Somit geht es auch nicht um Bahnen, sondern um Weltlinien (WL). Gerade WL sind die von Körpern, die keinen äußeren Kräften unterliegen und daher eine konstante Geschwindgkeit haben. Diese entspricht der Neigung der WL gegen die Zeitachse eines raumzeitlichen Koordinatensystems.
Die Krümmung der WL eines Körpers ist nichts anderes als die Beschleunigung, die dieser erfährt.
In einer gekrümmten Raumzeit können WL nicht wirklich gerade, sondern nur geodätisch **) sein. Solche WL sind die von Körpern, die höchstens der Gravitation unterliegen.
Und ja, die Krümmung der Raumzeit lässt sich im Alltag spüren, nämlich durch Gravitation: Man spürt sie nicht, wenn man ihr folgt (freier Fall). Steht man jedoch auf dem Boden, spürt man ein Gewicht bzw. die Kraft, mit der der Boden dagegen hält und sozusagen eine ständige Kurskorrektur vornimmt. In Abb. 2 ist dies durch ein Modell veranschaulicht.
Mit der Raumzeit ist auch der Raum gekrümmt, aber das macht sich fast nie bemerkbar, weil der "Krümmungsradius" riesig ist: Ist c das Lichttempo und g die Fallbeschleunigung auf der Erdoberfläche, ist der Krümmungsradius c²⁄g ≈ 9×10¹⁵ m, fast 1 Lichtjahr!
Details
Raumzeit vs. "Raum und Zeit"
Wir brauchen einen Bezugspunkt (einen Punkt, auf den wir Orte und Geschwindigkeiten beziehen, den wir daher als ruhend betrachten) O***), um die Raumzeit in Raum und Zeit zerlegen zu können. Die Zeit macht aus dem Punkt eine Linie (O zu verschiedenen Zeitpunkten), seine Weltlinie (WL). Die WL von Punkten, in denen keine Kräfte wirken, sind Geraden oder, etwas allgemeiner Geodätische Linien. Die WLn zweier relativ zueinander Punkte verlaufen parallel.
Allerdings ist O als Bezugspunkt nicht verbindlich; man kann ebensogut einen relativ zu O mit konstanter Geschwindigkeit v› bewegten Punkt O' als ruhend und dafür O als mit −v› (gleiches Tempo, entgegengesetzte Richtung) bewegt interpretieren, und dann ist die Zerlegung der Raumzeit eine andere.

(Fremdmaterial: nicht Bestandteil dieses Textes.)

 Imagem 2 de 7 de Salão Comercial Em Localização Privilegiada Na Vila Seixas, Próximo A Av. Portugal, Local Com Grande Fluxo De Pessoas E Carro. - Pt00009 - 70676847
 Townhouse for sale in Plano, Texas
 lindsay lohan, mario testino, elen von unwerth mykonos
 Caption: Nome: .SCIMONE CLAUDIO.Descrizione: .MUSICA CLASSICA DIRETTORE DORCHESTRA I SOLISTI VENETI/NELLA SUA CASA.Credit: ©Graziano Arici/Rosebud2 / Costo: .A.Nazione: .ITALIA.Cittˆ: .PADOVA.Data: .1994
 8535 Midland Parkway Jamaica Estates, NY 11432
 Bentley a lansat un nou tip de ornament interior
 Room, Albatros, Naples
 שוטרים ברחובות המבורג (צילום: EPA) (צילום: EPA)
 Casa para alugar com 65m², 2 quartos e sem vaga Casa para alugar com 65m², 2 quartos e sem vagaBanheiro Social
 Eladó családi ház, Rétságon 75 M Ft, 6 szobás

Eigentlich gilt dies schon in der NEWTONschen Mechanik (NM), denn die obige Aussage stammt schon von GALILEI und heißt Relativitätsprinzip (RP). Eine Schlussfolgerung daraus ist die Relativität der Gleichortigkeit zeitlich aufeinanderfolgender Ereignisse E₁ und E₂, d.h., finden sie an derselben Stelle relativ zu O' statt, liegen sie relativ zu O um
v∙Δt = v∙(t₂ − t₁)
auseinander. Dabei sind t₁ und t₂ die von O aus ermittelten Zeiten von E₁ und E₂, und Δt heißt auch O- Koordinatenzeit. In der NM gilt sie allerdings als von der Wahl des Bezugspunktes unabhängig.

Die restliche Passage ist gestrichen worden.